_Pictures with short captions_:
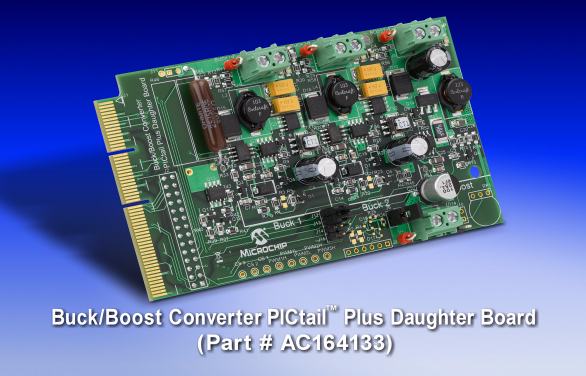 Digital Control Techniques for Power Converters using dsPIC DSC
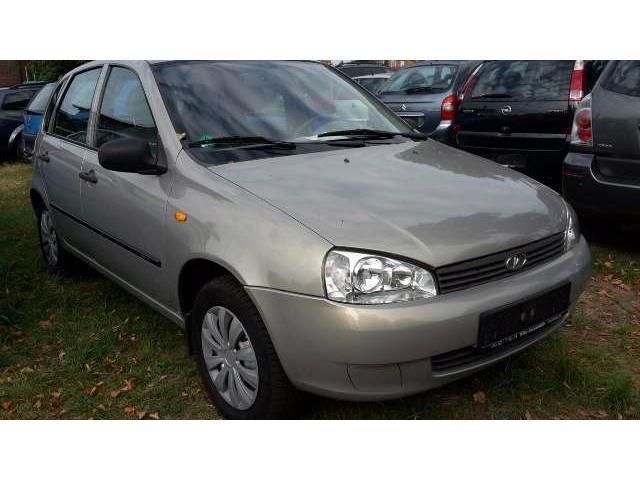 Lada kalina 1117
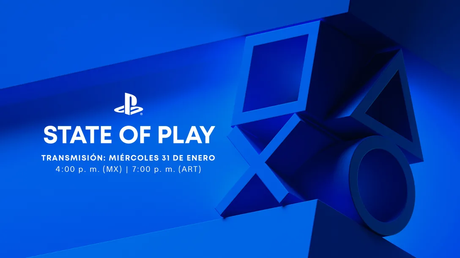 State of Play: Este miércoles 31 de enero conoceremos más detalles de los próximos lanzamiento de PlayStation db059bca69a66dc969b89efa590ee794a2dd4498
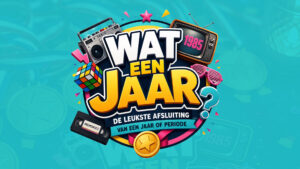 Wat een Jaar! – Het gezelligste bedrijfsuitje vol plezier
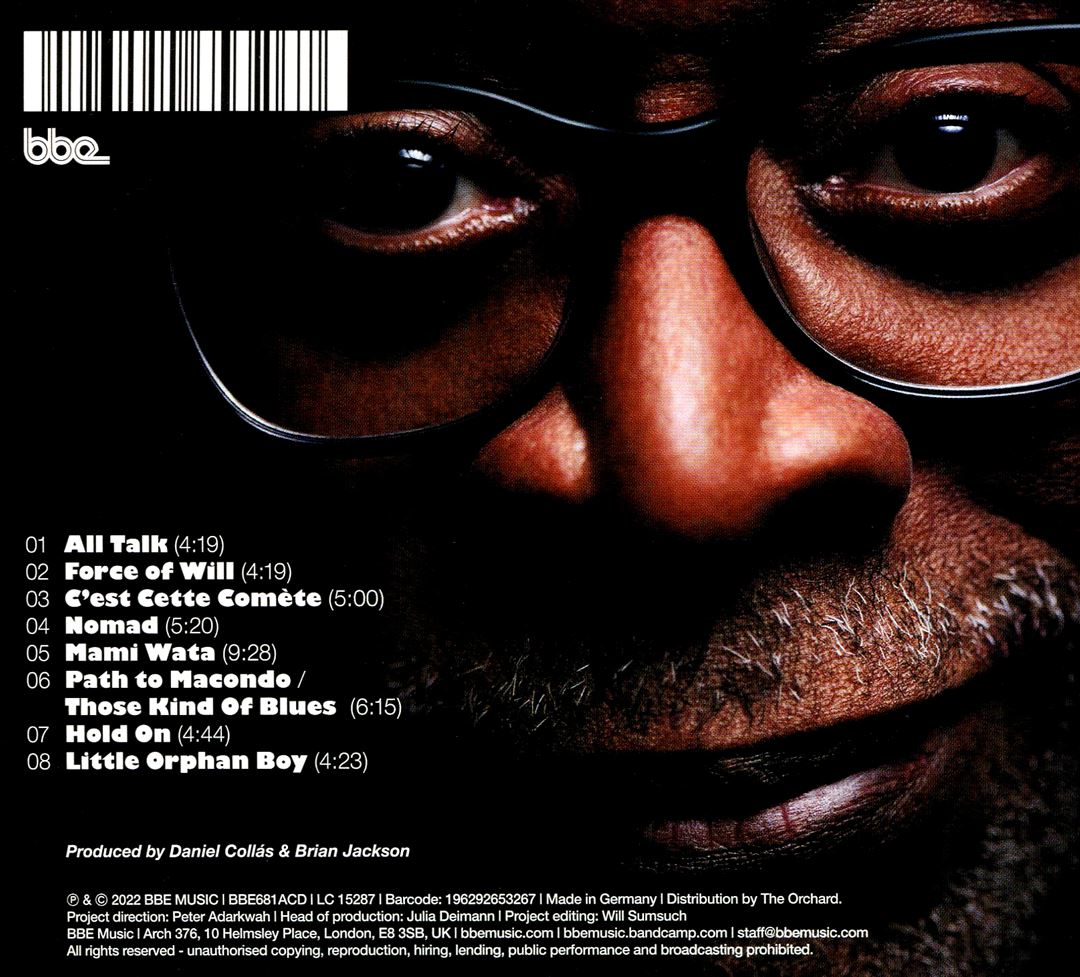 This Is Brian Jackson cover art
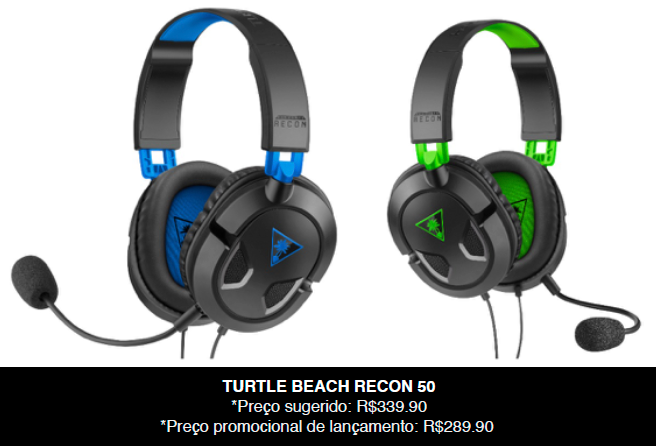 turtle beach recon 50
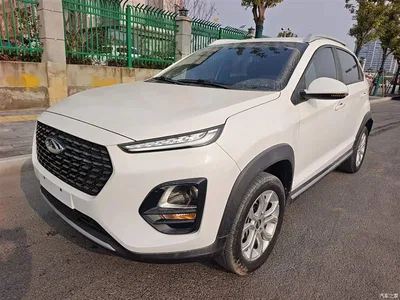 2021 Chery Tiggo 3x PLUS 1.5L CVT Refreshing Red Date Edition, фото 1, лот 10336595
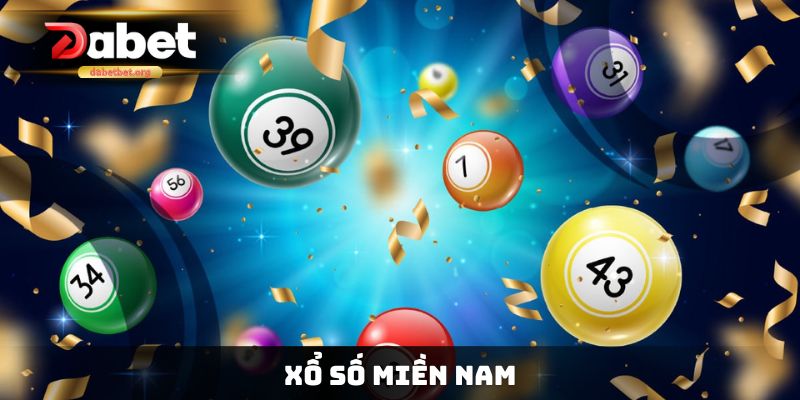 Xổ Số Miền Nam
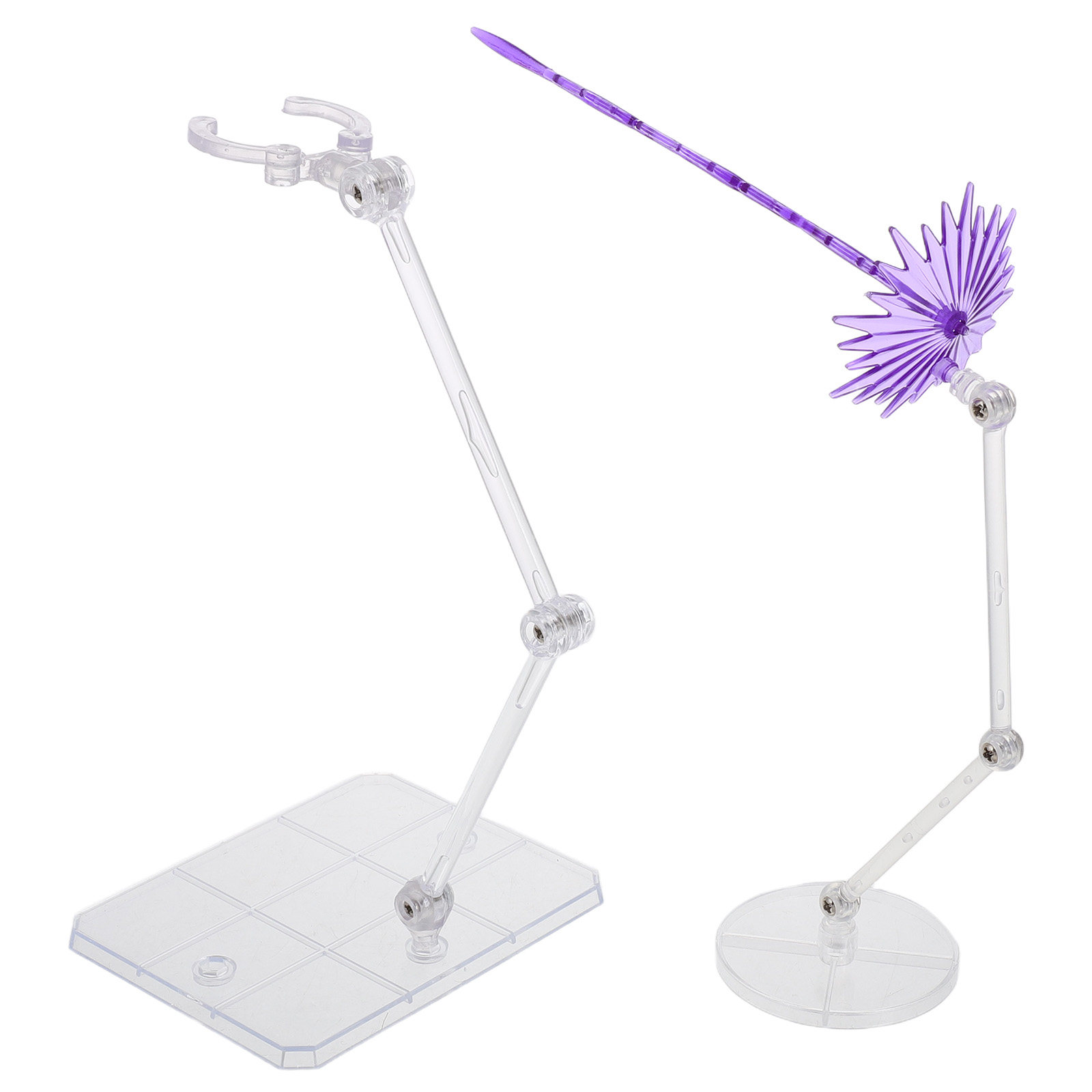 Action Figure Stand - Набор из 1 подставки для демонстрации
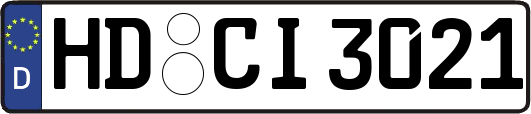 HD-CI3021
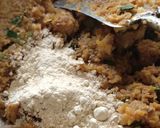 সোয়াবিন চিংড়ির চপ (Soybean chingri chop recipe in Bengali) রেসিপি ধাপ - 4 ছবি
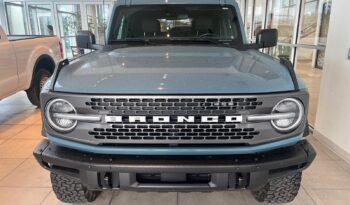 Used 2022 Ford Bronco Badlands 4 Door Advanced 4×4 Sport Utility – 1FMEE5DH7NLA84078 full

_WHAT IS REQUIRED_: Give every line of the records above again, exactly, and omit the pictures.

_ANSWER TO THIS EXERCISE_:
 Digital Control Techniques for Power Converters using dsPIC DSC
 Lada kalina 1117
 State of Play: Este miércoles 31 de enero conoceremos más detalles de los próximos lanzamiento de PlayStation db059bca69a66dc969b89efa590ee794a2dd4498
 Wat een Jaar! – Het gezelligste bedrijfsuitje vol plezier
 This Is Brian Jackson cover art
 turtle beach recon 50
 2021 Chery Tiggo 3x PLUS 1.5L CVT Refreshing Red Date Edition, фото 1, лот 10336595
 Xổ Số Miền Nam
 Action Figure Stand - Набор из 1 подставки для демонстрации
 HD-CI3021
 সোয়াবিন চিংড়ির চপ (Soybean chingri chop recipe in Bengali) রেসিপি ধাপ - 4 ছবি
 Used 2022 Ford Bronco Badlands 4 Door Advanced 4×4 Sport Utility – 1FMEE5DH7NLA84078 full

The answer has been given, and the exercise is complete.